DATA EXTRACT Block Start

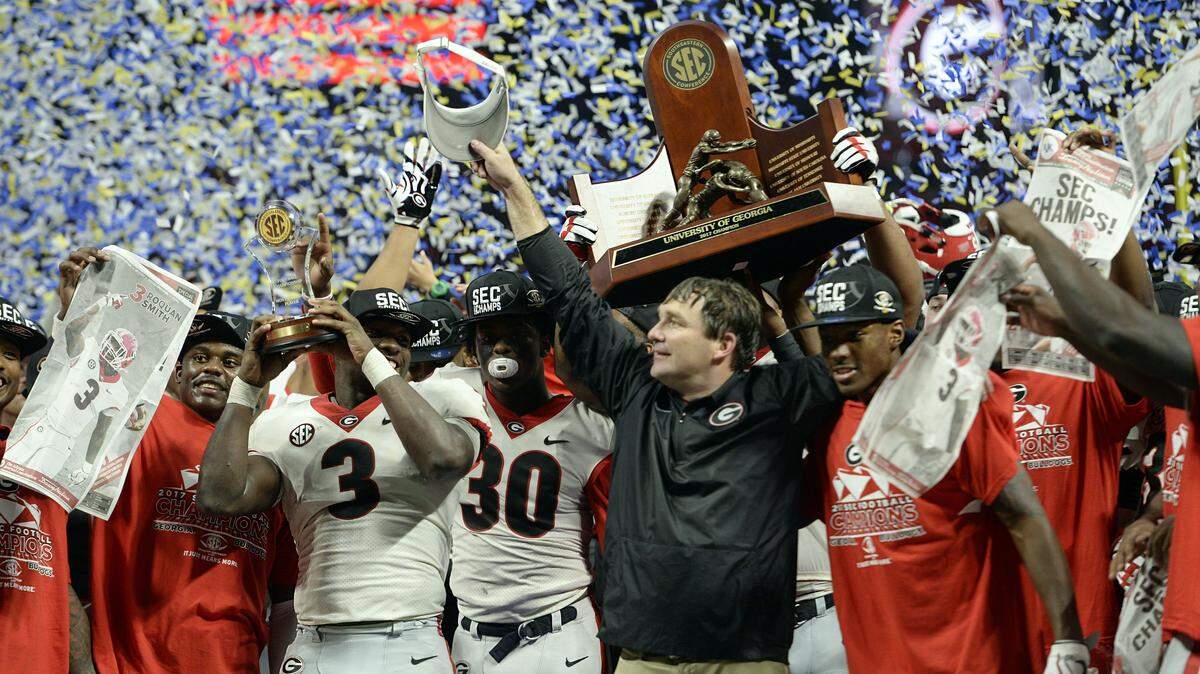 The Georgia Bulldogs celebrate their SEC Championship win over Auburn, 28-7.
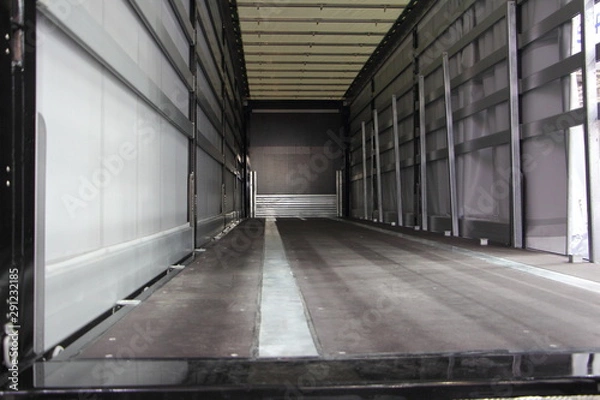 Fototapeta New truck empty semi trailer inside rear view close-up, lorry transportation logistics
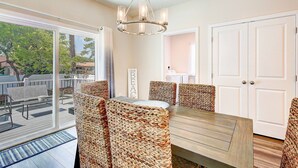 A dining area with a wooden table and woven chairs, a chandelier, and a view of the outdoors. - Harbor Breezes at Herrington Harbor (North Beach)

DATA EXTRACT Block End

Working from the line that contains "Fototapeta New truck" to the last line of the listing, please quote each line exactly, pictures excluded.

 Fototapeta New truck empty semi trailer inside rear view close-up, lorry transportation logistics
 A dining area with a wooden table and woven chairs, a chandelier, and a view of the outdoors. - Harbor Breezes at Herrington Harbor (North Beach)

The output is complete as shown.